Tuttavia, per Mosca il G20 è stato soprattutto uno dei migliori strumenti diplomatici per riaffermare la propria immagine dopo i lunghi decenni di Guerra fredda con Washington, provando a dare il proprio contributo negli organismi multilaterali.
Sicuramente, l’opportunità maggiore in tal senso avvenne nel 2013, quando il forum si tenne per la prima volta in Russia, a San Pietroburgo.
Il G20 del 2013
Il G20 del 2013 fu dominato dalle questioni relative alla guerra in Siria. Fu un fatto piuttosto inedito considerato che la natura del forum è, ed è sempre stata, perlopiù economica e finanziaria. Il conflitto siriano era iniziato due anni prima ed entrava in una delle sue fasi più delicate.
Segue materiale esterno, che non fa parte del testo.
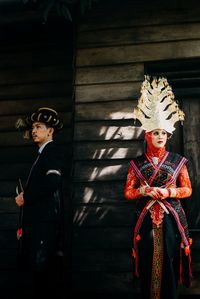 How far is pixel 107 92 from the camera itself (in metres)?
5.28

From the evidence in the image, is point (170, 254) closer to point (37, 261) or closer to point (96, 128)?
point (37, 261)

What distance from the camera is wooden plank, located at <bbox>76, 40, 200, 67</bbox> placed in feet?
17.1

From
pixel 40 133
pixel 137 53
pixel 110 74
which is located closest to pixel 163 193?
pixel 40 133

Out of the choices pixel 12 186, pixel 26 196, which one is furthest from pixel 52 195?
pixel 12 186

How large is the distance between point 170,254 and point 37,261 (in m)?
1.24

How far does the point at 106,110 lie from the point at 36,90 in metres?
1.39

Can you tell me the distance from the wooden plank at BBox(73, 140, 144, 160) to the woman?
0.86 metres

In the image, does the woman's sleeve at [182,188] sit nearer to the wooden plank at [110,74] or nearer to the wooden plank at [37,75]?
the wooden plank at [110,74]

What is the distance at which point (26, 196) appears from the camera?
13.9 ft

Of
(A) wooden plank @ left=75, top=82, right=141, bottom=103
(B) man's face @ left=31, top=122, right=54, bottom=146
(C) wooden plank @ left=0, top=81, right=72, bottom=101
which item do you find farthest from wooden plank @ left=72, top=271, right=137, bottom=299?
(C) wooden plank @ left=0, top=81, right=72, bottom=101

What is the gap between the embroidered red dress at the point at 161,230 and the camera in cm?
376

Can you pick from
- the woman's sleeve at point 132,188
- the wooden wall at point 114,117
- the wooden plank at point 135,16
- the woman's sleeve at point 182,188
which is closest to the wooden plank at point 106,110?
the wooden wall at point 114,117

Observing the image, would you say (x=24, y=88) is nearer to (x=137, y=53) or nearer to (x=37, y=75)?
(x=37, y=75)

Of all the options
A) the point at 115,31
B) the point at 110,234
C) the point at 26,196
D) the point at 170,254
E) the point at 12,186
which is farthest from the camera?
the point at 12,186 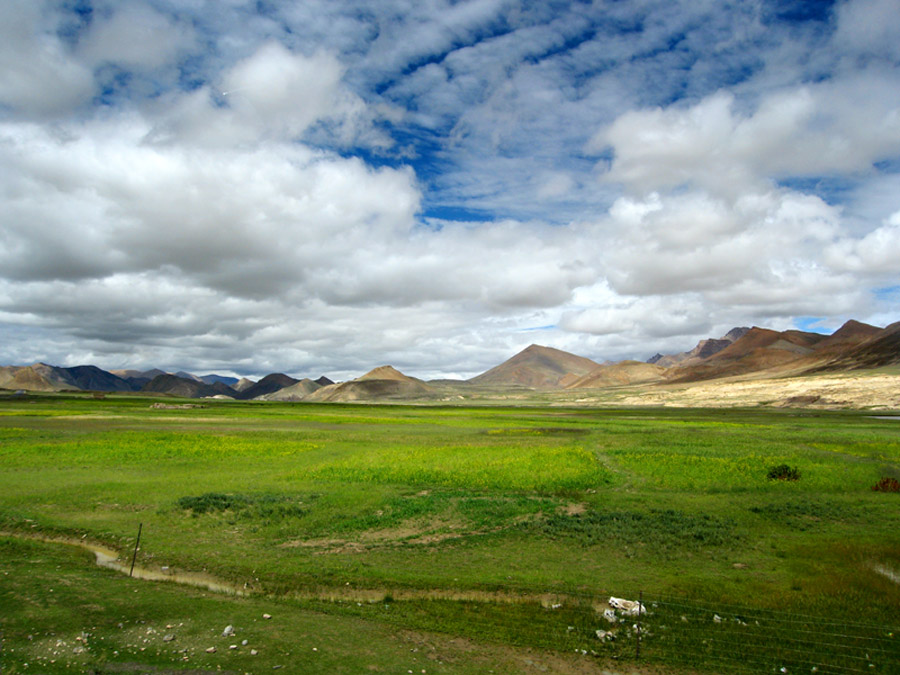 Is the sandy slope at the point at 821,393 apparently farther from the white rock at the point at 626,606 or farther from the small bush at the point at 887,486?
the white rock at the point at 626,606

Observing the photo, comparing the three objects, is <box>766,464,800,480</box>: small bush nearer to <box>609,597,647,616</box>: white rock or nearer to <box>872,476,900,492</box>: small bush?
<box>872,476,900,492</box>: small bush

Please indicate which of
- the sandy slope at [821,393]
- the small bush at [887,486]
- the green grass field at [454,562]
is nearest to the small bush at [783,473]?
the green grass field at [454,562]

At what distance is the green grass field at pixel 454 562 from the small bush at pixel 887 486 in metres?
0.68

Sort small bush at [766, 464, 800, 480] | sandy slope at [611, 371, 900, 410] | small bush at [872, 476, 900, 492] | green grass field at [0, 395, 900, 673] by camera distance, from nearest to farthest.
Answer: green grass field at [0, 395, 900, 673], small bush at [872, 476, 900, 492], small bush at [766, 464, 800, 480], sandy slope at [611, 371, 900, 410]

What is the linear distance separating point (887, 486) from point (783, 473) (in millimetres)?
5732

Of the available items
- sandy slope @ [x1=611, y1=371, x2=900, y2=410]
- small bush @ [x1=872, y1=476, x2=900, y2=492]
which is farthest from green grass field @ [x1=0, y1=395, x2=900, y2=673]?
sandy slope @ [x1=611, y1=371, x2=900, y2=410]

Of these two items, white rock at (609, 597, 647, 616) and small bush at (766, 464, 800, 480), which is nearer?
white rock at (609, 597, 647, 616)

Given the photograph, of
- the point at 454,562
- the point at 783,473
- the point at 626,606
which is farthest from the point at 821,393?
the point at 626,606

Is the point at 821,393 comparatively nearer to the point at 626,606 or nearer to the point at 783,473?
the point at 783,473

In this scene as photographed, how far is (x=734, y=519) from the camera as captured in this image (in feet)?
87.1

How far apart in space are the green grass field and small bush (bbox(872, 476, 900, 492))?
2.22 feet

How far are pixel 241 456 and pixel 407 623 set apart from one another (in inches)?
1488

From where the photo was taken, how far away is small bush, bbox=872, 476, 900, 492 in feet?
107

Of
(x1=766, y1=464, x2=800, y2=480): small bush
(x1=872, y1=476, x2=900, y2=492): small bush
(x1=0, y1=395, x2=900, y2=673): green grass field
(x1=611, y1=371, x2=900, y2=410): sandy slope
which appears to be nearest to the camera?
(x1=0, y1=395, x2=900, y2=673): green grass field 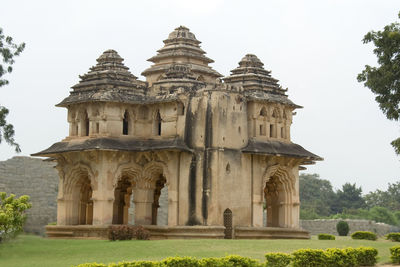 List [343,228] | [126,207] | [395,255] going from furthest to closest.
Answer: [343,228] < [126,207] < [395,255]

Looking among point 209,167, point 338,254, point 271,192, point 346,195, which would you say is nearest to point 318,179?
point 346,195

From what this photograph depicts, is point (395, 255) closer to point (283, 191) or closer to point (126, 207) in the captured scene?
point (283, 191)

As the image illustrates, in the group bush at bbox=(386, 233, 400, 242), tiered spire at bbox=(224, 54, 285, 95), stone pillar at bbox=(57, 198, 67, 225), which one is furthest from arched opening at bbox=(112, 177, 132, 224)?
bush at bbox=(386, 233, 400, 242)

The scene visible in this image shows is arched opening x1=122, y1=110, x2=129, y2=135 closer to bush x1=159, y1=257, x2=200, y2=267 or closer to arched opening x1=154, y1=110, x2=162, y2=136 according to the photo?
arched opening x1=154, y1=110, x2=162, y2=136

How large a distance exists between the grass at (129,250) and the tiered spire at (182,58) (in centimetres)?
1013

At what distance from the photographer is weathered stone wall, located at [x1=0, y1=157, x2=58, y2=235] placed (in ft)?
141

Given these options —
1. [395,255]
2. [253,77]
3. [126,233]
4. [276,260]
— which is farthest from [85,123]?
[395,255]

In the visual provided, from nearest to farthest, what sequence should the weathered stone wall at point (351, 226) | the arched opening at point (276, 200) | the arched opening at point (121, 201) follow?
the arched opening at point (276, 200) → the arched opening at point (121, 201) → the weathered stone wall at point (351, 226)

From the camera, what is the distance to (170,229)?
99.9ft

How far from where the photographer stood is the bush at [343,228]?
43.4 m

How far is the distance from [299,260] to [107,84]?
1556 centimetres

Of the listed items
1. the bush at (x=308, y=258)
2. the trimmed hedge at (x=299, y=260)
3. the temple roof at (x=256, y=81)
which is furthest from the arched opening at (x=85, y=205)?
the bush at (x=308, y=258)

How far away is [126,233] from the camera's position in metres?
28.9

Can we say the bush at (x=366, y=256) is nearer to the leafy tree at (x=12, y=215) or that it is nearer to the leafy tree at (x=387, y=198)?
the leafy tree at (x=12, y=215) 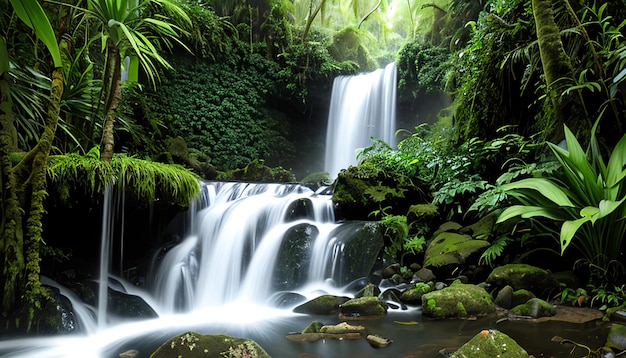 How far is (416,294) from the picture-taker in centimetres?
374

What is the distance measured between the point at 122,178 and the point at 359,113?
27.8ft

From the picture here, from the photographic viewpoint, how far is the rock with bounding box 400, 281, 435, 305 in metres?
3.71

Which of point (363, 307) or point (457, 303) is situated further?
point (363, 307)

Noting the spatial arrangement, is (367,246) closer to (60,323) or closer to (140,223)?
(140,223)

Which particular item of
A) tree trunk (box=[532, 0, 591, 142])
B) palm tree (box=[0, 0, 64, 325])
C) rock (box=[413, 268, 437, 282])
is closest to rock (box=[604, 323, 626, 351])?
rock (box=[413, 268, 437, 282])

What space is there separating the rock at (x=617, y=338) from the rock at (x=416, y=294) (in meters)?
1.55

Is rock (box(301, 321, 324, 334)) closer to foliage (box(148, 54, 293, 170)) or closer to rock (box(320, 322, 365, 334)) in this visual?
rock (box(320, 322, 365, 334))

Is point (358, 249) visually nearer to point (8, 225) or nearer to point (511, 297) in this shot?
point (511, 297)

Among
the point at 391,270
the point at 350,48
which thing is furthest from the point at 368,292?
the point at 350,48

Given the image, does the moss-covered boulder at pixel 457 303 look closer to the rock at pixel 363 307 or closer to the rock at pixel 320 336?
the rock at pixel 363 307

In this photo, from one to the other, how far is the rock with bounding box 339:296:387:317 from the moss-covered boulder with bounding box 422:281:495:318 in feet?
1.28

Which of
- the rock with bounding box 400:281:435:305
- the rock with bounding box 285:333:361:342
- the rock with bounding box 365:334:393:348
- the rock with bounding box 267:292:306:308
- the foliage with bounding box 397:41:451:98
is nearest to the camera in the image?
the rock with bounding box 365:334:393:348

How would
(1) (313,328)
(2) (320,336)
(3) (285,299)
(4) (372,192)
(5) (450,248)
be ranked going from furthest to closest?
(4) (372,192)
(5) (450,248)
(3) (285,299)
(1) (313,328)
(2) (320,336)

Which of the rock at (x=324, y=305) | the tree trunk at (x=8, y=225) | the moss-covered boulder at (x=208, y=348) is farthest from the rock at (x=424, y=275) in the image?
the tree trunk at (x=8, y=225)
Il 21 agosto 2013 l’area di Ghuta, alle porte di Damasco, fu teatro di un micidiale attacco chimico in cui venne utilizzato il sarin, un gas nervino bandito venti anni prima dalle Nazioni Unite. L’episodio – in cui morirono centinaia di civili – segnò uno spartiacque per le relazioni internazionali. Il presidente statunitense Barack Obama aveva precedentemente tracciato la propria “linea rossa” indicando proprio l’impiego di armi chimiche per un possibile intervento aereo americano. Un’opzione a cui si opposero Russia e Iran, e che venne ampiamente trattata al summit nel Palazzo di Costantino. Il G20 a presidenza russa si trasformò quindi in un braccio di ferro tra Obama, in cerca di sostegno per un intervento militare approvato dalle Nazioni Unite, e il presidente russo Vladimir Putin, che prese le difese del regime di Assad e della sua coalizione.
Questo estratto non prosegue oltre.